Cumberland Park is an inner-southern suburb of Adelaide, South Australia in the City of Mitcham.

==Location==
Located at 34.97°S 138.59°E, it is 58 m above mean sea level, and about 5 km south of the Adelaide city centre. The suburb's borders are Cross Road (north), Goodwood Road (east), Edward Street (south) and Winston Avenue (west). It is diagonally opposite Colonel Light Gardens (to the south-east) and Kings Park (to the north-east), and adjoins Westbourne Park (east), Clarence Gardens (west) and Clarence Park (north).

==History==
Historically, the region was vast farmland with no residential occupation. The site on which Cabra Dominican College currently stands was farmland up until the school's development in the early 1900s.

==Shopping==

Cumberland Park is mainly a residential suburb, with a number of shops and businesses along Goodwood Road. These include a Big W with an adjoining Woolworths supermarket on the Cross Road corner. The shopping centre, which opened in the 1970s, was redeveloped in 2013.

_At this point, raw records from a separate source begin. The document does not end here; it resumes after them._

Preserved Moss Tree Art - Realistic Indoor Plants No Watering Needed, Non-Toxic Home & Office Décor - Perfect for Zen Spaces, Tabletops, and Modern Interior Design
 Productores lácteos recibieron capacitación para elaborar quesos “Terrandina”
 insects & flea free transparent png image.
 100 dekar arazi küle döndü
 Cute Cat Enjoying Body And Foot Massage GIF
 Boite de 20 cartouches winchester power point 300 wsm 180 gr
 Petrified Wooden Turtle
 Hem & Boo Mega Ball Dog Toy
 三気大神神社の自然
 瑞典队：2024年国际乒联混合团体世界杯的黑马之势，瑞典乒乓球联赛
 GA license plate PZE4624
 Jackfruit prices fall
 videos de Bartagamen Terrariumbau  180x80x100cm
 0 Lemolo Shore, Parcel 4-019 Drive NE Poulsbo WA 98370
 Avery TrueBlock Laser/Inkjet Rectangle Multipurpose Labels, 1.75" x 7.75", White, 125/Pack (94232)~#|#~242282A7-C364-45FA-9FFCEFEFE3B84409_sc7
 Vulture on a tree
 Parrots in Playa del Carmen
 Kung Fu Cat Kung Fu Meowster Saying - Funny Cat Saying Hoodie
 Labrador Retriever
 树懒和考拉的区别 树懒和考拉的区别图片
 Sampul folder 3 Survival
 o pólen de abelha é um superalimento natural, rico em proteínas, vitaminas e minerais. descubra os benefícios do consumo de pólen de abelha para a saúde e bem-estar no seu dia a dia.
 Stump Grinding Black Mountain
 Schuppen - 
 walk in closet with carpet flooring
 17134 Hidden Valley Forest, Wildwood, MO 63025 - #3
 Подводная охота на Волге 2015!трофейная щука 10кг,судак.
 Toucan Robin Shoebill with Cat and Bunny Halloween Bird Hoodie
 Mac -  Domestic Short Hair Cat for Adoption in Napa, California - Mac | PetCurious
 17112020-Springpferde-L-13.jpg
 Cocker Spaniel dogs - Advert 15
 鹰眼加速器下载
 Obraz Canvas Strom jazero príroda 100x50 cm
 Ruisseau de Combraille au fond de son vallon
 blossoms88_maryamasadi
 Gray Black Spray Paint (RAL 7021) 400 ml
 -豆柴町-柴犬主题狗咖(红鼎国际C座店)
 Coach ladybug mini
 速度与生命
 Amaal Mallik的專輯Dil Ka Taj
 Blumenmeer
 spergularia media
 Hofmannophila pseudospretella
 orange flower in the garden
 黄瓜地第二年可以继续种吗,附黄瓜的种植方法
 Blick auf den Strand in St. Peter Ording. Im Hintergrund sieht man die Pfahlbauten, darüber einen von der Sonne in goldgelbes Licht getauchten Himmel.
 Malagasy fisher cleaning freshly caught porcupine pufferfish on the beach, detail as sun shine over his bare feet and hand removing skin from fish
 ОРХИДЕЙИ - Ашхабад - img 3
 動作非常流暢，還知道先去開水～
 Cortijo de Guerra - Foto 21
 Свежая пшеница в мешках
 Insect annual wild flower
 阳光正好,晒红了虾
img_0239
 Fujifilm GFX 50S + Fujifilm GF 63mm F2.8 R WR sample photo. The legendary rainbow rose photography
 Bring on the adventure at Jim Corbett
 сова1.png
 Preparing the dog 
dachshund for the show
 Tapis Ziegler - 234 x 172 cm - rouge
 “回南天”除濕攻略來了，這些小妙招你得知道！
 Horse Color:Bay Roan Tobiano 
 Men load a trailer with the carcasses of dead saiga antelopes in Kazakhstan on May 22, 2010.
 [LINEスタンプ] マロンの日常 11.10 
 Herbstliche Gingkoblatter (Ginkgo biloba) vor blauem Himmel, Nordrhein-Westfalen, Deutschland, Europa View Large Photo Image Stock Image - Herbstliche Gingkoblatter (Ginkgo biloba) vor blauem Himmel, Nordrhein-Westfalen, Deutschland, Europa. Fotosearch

A notable tenant in the corner of that car park, diagonally opposite McDonald's, was, for many years, The Welsh Cafe, possibly Australia's only Welsh eating place. It closed in early 2013.

Cumberland Park Post Office opened on 1 November 1993, replacing the Clarence Park Post Office. It closed in 2011.

==Schools==
Cabra Dominican College, a private Catholic coeducational college that serves grades seven to twelve, once administered by the Dominican Nuns, is located on Cross Road.

==Housing==
The median price for a 3 bedroom house based on 17 sales in the period May 2016 to May 2017 was $658,000.

The median price for a 3 bedroom house based on 18 sales in the period Feb 2017 to Feb 2018 was $695,000.